L'histoire du développement de l'organisation scientifique du travail, à ce jour, hélas! invite à la prudence. La mécanique de l'organisation scientifique du travail ne doit pas être confondue avec son essence, ou sa philosophie sous-jacente. La même approche peut produire dans un cas des résultats désastreux, alors qu'elle s'avérera bénéfique dans un autre. La même approche produira les meilleurs résultats lorsqu'employée suivant les principes de l'organisation scientifique, conduira droit à l'échec et au désastre lorqu'utilisée suivant des fins contraires. Des centaines de personnes ont déjà confondu la mécanique du système avec l'essence du système lui-même. MM. Gantt, Barth et l'auteur ont déjà présenté des rapports à l'American Society of Mechanical Engineers à ce sujet. De ces rapports, les mécanismes sur lesquels repose l'organisation scientifique du travail ont été décrits en détail. Nous en citons ici quelques exemples:

— l'étude du facteur temps, de même que les outils et les méthodes nécessaires;
— la supervision fonctionnelle et répartie, et ses avantages sur le système traditionnel du contremaître unique;
— la standardisation des outils et de leur contexte d'utilisation pour chaque corps de métier, ainsi que les gestes et mouvements des travailleurs de chaque métier;
— la création d'un département ou d'une salle de planification;
— l'application du «principe d'exception» en gestion
— l'utilisation de règles mathématiques graduées et autres outils permettant d'économiser du temps;
— la préparation de cartes d'instruction pour les travailleurs;
— la préparation de descriptions de tâches, accompagnées par un large boni pour la réussite de cette tâche;
— l'application de taux différentiels;
— l'utilisation de systèmes mnémoniques pour répertorier les produits manufacturés de même que les outils utilisés dans les industries;
— l'utilisation de systèmes de routage;
— l'utilisation de systèmes modernes d'analyse des coûts, etc.

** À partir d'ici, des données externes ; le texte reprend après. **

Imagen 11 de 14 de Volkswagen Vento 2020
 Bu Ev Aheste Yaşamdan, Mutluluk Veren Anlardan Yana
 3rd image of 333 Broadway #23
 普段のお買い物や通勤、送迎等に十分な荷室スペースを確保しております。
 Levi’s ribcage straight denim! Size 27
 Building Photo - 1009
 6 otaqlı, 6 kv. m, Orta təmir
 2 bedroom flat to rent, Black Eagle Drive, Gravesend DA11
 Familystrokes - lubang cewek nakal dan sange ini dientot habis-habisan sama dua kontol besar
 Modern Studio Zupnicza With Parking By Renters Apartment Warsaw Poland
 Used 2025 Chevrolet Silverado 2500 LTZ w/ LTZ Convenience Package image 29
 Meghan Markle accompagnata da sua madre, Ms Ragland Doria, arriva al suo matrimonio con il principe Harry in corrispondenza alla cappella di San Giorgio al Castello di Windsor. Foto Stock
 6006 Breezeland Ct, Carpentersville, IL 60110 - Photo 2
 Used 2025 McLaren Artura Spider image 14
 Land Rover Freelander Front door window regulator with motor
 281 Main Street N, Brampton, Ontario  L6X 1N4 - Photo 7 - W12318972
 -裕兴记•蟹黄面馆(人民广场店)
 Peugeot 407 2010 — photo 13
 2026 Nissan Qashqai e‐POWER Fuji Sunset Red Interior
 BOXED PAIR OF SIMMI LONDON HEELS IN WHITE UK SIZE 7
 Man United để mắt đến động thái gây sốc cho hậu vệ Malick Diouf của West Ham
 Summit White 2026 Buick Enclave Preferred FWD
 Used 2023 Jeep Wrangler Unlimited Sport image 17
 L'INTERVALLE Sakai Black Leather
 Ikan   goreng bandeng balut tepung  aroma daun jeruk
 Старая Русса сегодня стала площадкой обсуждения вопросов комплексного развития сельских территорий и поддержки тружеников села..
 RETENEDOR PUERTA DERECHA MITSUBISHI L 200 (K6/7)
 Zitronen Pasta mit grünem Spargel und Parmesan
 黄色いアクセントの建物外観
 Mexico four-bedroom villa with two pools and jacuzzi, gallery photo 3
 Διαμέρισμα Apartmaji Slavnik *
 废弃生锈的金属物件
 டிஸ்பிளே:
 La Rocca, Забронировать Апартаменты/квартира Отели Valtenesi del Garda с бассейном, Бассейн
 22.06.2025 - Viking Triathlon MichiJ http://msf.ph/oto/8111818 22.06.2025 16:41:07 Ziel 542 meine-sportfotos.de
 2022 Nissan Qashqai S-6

Ce ne sont là que des aspects ou des détails de l'organisation scientifique du travail. L'organisation scientifique du travail, de par son essence, consiste plutôt en une philosophie résultant en une combinaison des quatres grands principes de gestion:

1. Le développement d'une véritable science
2. La sélection scientifique du travailleur
3. La formation et le développement du travailleur selon les principes de cette science
4. Une étroite et intime coopération entre l'administration et les employés.